**SUPPLIED MATERIAL:**
[Start of section]
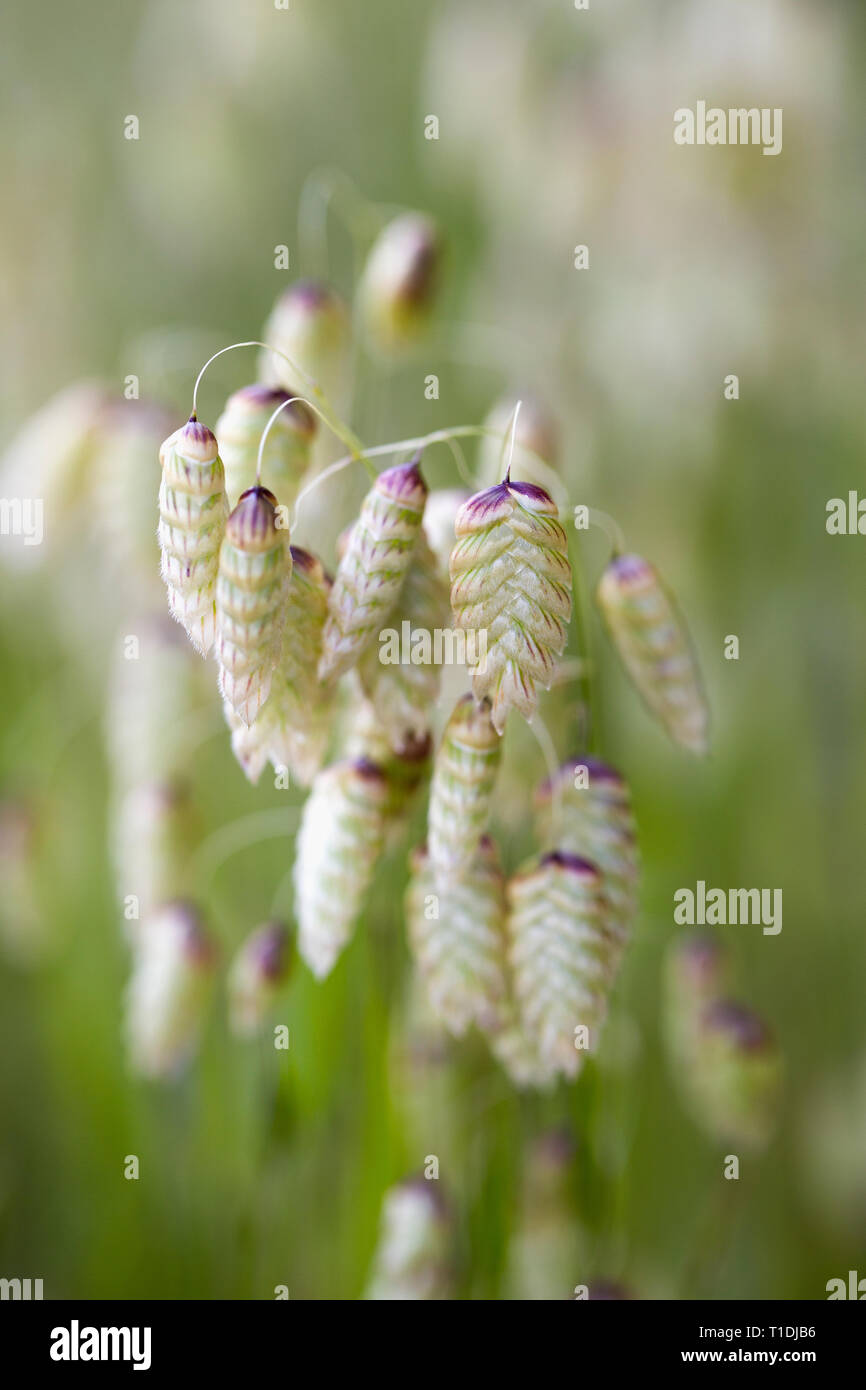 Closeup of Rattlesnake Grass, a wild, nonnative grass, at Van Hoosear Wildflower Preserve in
[End of section]
[Start of section]
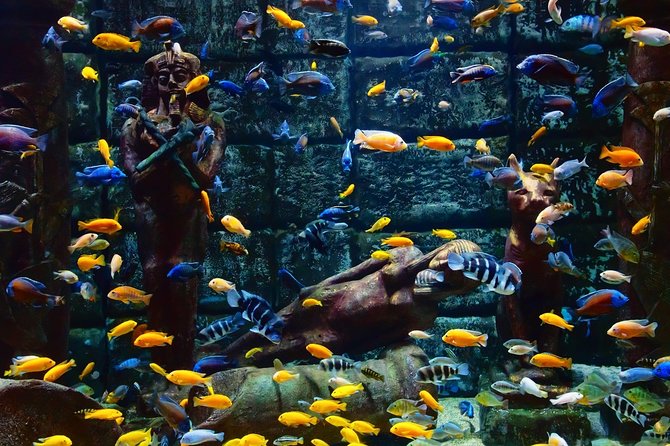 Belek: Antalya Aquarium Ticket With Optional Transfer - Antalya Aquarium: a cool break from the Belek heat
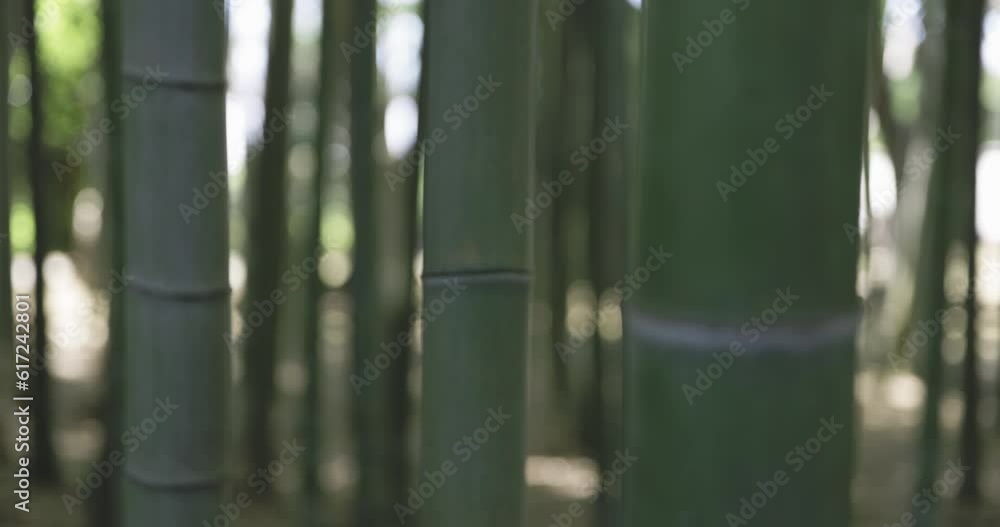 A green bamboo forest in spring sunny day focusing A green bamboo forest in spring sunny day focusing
[End of section]
**WORK REQUEST:** Reproduce the data above exactly, but only from the line containing "Belek: Antalya Aquarium" through the line containing "A green bamboo forest in spring sunny day focusing A". Omit all pictures.

**TASK RESPONSE:**
 Belek: Antalya Aquarium Ticket With Optional Transfer - Antalya Aquarium: a cool break from the Belek heat
 A green bamboo forest in spring sunny day focusing A green bamboo forest in spring sunny day focusing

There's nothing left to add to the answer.